_Problem description:_
Give the listing again exactly, skipping any pictures it holds.

_Given information:_
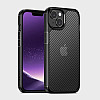 Carbon Fibre Texture Case for iPhone 15 Black - Ultimate Protection in Stylish Black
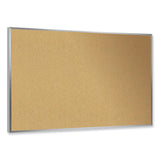 Ghent Natural Cork Bulletin Board with Frame, 96.5 x 48.5, Tan Surface, Natural Oak Frame, Ships in 7-10 Business Days (GHEWK48)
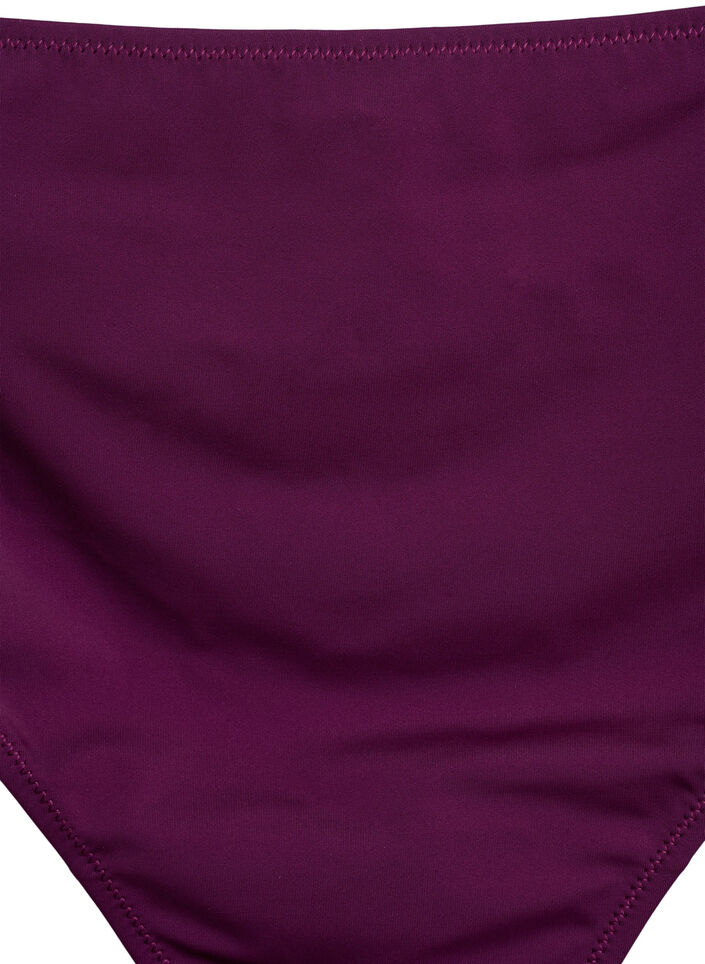 Brasilianmalliset bikinialushousut normaalilla vyötäröllä, Violetti, Packshot image number 2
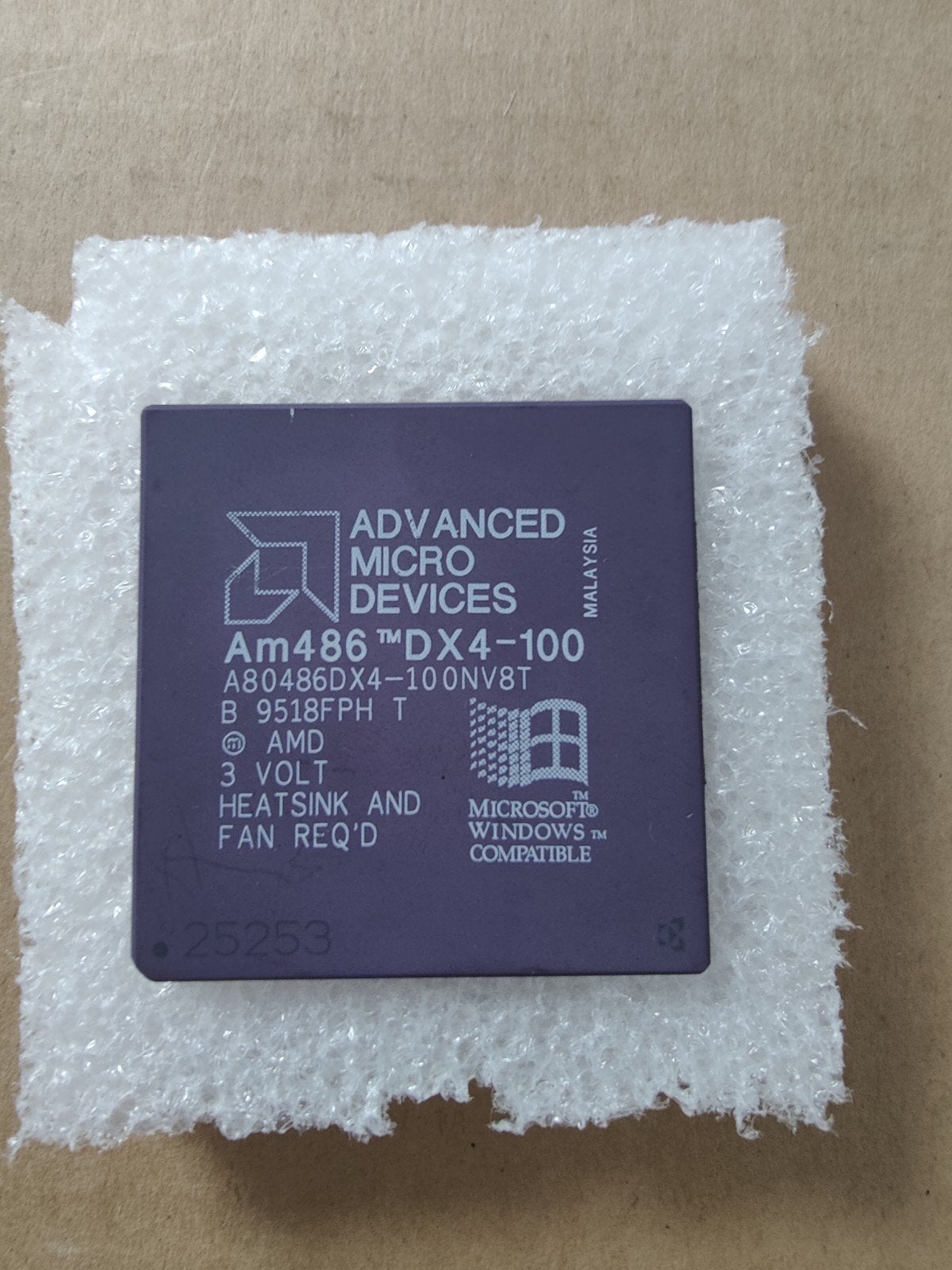 AMD Am486 DX4-100 Processor - Vintage CPU, Computers en Software, Socket 3, Gebruikt, 4-core, AMD Am486 DX4-100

_Finished task:_
 Carbon Fibre Texture Case for iPhone 15 Black - Ultimate Protection in Stylish Black
 Ghent Natural Cork Bulletin Board with Frame, 96.5 x 48.5, Tan Surface, Natural Oak Frame, Ships in 7-10 Business Days (GHEWK48)
 Brasilianmalliset bikinialushousut normaalilla vyötäröllä, Violetti, Packshot image number 2
 AMD Am486 DX4-100 Processor - Vintage CPU, Computers en Software, Socket 3, Gebruikt, 4-core, AMD Am486 DX4-100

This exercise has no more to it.